Q&A with California Governor Gray Davis
A lightning rod for California's deepening electricity crisis, Governor Gray Davis has, in his own words, "been criticized for everything under the sun." But Davis insists that his plan to keep the lights on is taking shape. On Apr. 9, the battle-weary governor signed a $2.76 billion deal to buy Southern California Edison Corp.'s 12,000-mile transmission system. That's on top of the $4 billion already spent to buy power for the state. But Davis failed to strike a similar deal with Pacific Gas & Electric Co., which filed for Chapter 11 on Apr. 6. A few days later, the governor spoke with Los Angeles Bureau Chief Ronald Grover and correspondent Christopher Palmeri.
Q: You have been criticized for not moving fast enough when prices first started to surge last summer.
A: Haste got us into this mess in the first place. The deregulation measure passed in 1996 without a single dissenting vote. It turned out to be a disaster of the first magnitude.
Q: Should consumer rates rise to reflect the real cost of power?
A: If the true market price were passed on, it would mean increases of 150%-200%, which could easily shock the economy into recession. If we did that, there's no question an initiative on next year's ballot by consumer groups to eliminate deregulation would pass. That would be self-defeating because it would dry up investment in private plants in the state.
Q: So your solution is a mixture of public and private investment?
A: I believe generators will make investments. The free market works as long as you have more power than demand. If you have more demand than power, as we do now, you are at the mercy of forces that show no mercy.
Q: Do you believe the federal government should impose rate regulation and order compensation from out-of-state power suppliers who may have manipulated the market?
A: Whatever you think of California, our state contributes disproportionately to the technology and economic growth of America. My hope is that the Bush appointees will be practical people who realize it's not in the country's interest for California to pay disproportionately for the mistakes it made in 1996.
Q: Do you think PG&E will still reach some sort of settlement with the state?
A: I believe the market will force PG&E to accept something along the lines of what we offered Southern California Edison. For weeks, I've been telling them they had to wait until we had a deal with Edison. PG&E either didn't believe it would happen or didn't want it to happen.
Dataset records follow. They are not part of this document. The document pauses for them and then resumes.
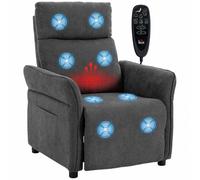 HOMCOM Fauteuil Relax Massant et Chauffant, Inclinable Manuel, Accoudoirs Réglables, Repose-Pieds, 2 Poches Latérales, Tissu Éponge, Gris Foncé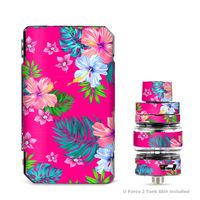 IT'S A SKIN Decal Vinyl Wrap for VooPoo Drag 2 V2 & UForce T2 Tank Vape Sticker Sleeve Cover/Pink Neon Hibiscus Flowers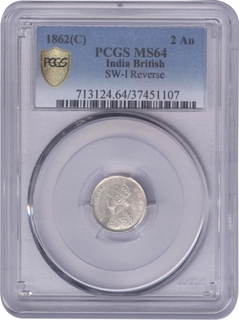 PCGS MS 64 Graded Silver Two Annas Coin of Victoria Queen of Calcutta Mint of 1862.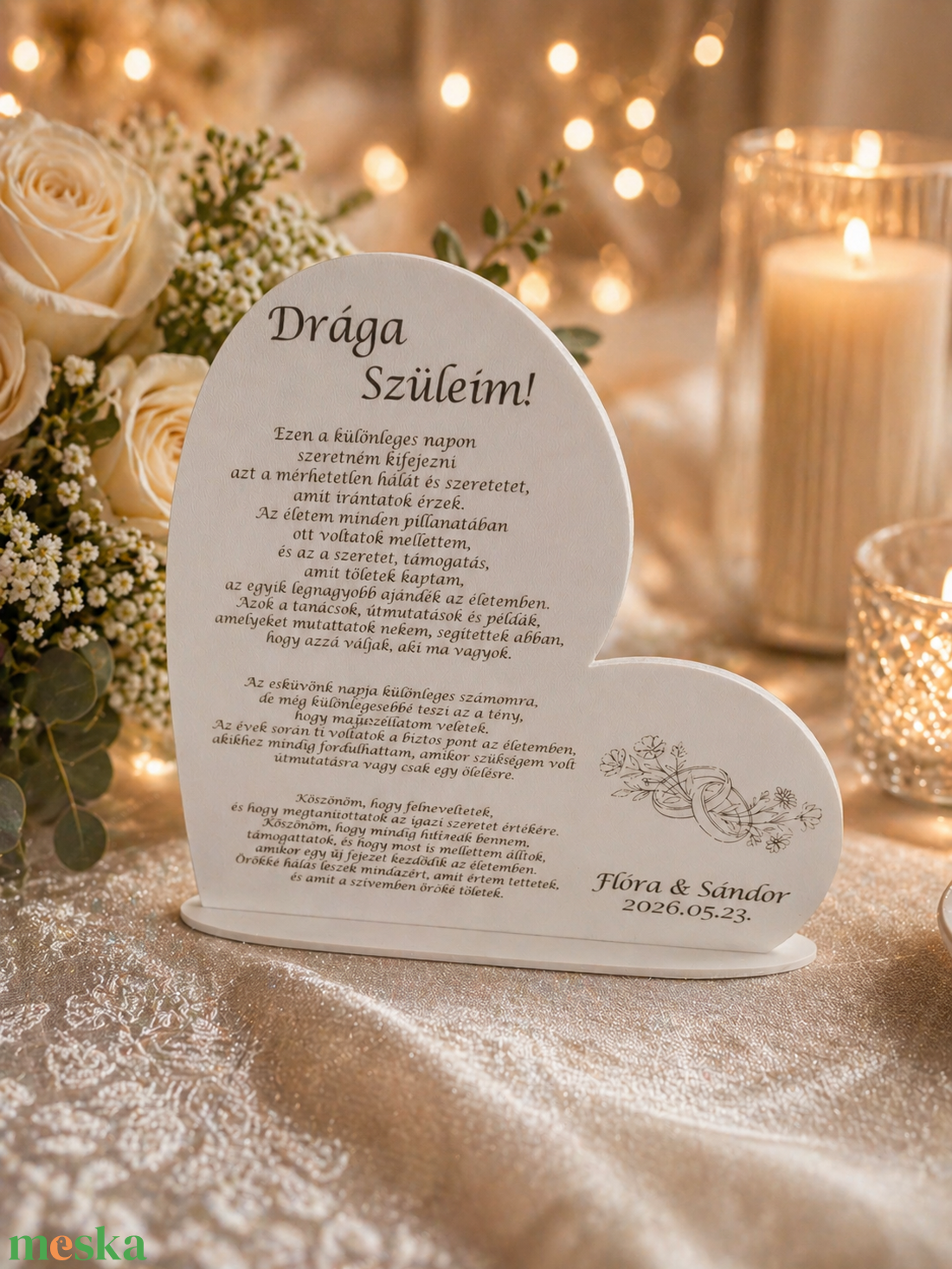 Szív Tábla Egyedi Szöveggel - esküvő - emlék & ajándék - szülőköszöntő ajándék - Meska.hu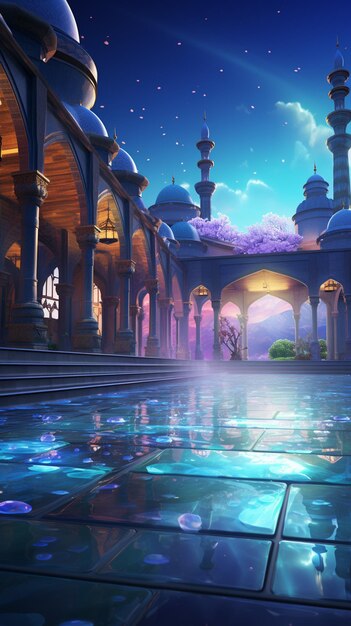 scena in stile anime di una moschea con una piscina e una fontana generativa ai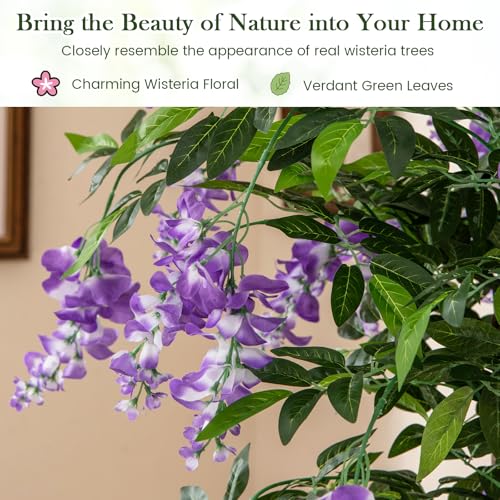 Goplus 5.5FT Ficus Artificial Tree, Faux Wisteria Tree in Nursery Pot with Blooming Flowers, Fake Potted Tree Greenery Floor Plant for Indoor Home Office Porch Living Room Decor - color: Purple, size: 5.5ft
They gave themselves $50 million in bonuses and then dove into bankruptcy.
Q: Why is buying transmission lines from the utilities a good idea?
A: For 15 years transmission upgrades in California were necessary. In a deregulated environment, investment chases the highest returns and the highest return is not in upgrading transmission lines.
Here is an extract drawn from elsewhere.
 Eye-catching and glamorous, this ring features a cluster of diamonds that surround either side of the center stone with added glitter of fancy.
Q: How much will this crisis cost the state?
A: The general fund will be fully reimbursed by June 30 for all of its expense plus interest. I pray for the day that I can get back to the thing that caused me to run, which is education. Between Dec. 19, when I finished the budget, and now, I may have spent 10 hours on subjects other than electricity.
Q: Some people have argued that you should use your emergency powers to force plants to be built.
A: The worst thing you can do in government is to give an order that nobody follows. Everybody wants me to seize these plants. You know what will happen? The generators will just withhold power. They'll say, "fine--we'll lose money for two weeks, but you're the one in the dark." And then everyone will say, "Davis, that was a pretty stupid move."
In the 12 years that preceded me, not one major plant was built in this state. Since April, 1999, I have approved 12 myself. Seven are under construction. By the end of 2003, we will have more power than demand. I have one great strength: People underestimate me all the time. George W. Bush and I are both blessed with that attribute--low expectations.